# I don' like DAO gun - I'm eatin' crow here



## dondavis3 (Aug 2, 2009)

I don't like DAO pistols.

As a former 1911 lover - I don't like them at all.

Over the years I've given to family members or traded off some very good striker fired guns.

Because I don't like DAO guns.

With the encouragement of a very good shooting friend I bought a P250 in 9mm from Cheaper Than Dirt for less than $400 delivered here in Dallas.










Well I find the P250 to be a fantastic weapon.

It's accurate, reliable, easy to carry concealed and IMHO a nice looking gun.

Right out of the box it has a nice trigger, like it's brother the P2022.

But I didn't like the amount of travel or slack in the trigger.

So I called a Sig forum member Robert Burke (phone - (972) 342-2717 or email Robert Burke [email protected] ) to ask him if he happened to have any of his magic to do on the P250.

He did and since he did such a great job on my Sig P229 Platinum Elite I gave my P250 to him.

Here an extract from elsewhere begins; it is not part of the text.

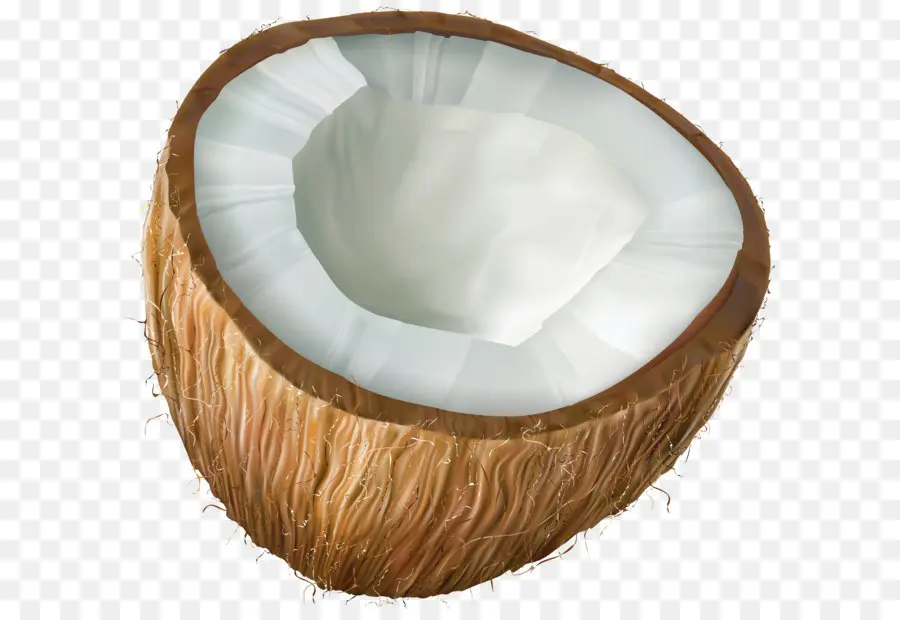 Coco，Blog PNG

I got it back after a few days (10 days I believe) and he man did he work magic on it.

As I said it was good before, but now all of the trigger slack is gone.

It's even smoother than before and after shooting it a lot this past weekend ... (everyone wanted to try it - the range master was even impressed with it's feel and accuracy).

I gotta say it's a fine gun and is already in my conceal carry rotation.

So I'm manning up - you can ignore all my previous comments about never wanting a DOA gun. I do like the P250 not necessarily any other DOA guns .

But the Sig P250 RULES (especially with Roberts tweeks).:smt082

:smt1099


----------



## recoilguy (Apr 30, 2009)

Nice! trigger work can make a good gun a great one.. You can always learn to appreciate something new!!!

RCG


----------



## Brevard13 (Nov 28, 2010)

Not fond of the looks. But I'm glad you like it. Like I say "something out there for everyone".


----------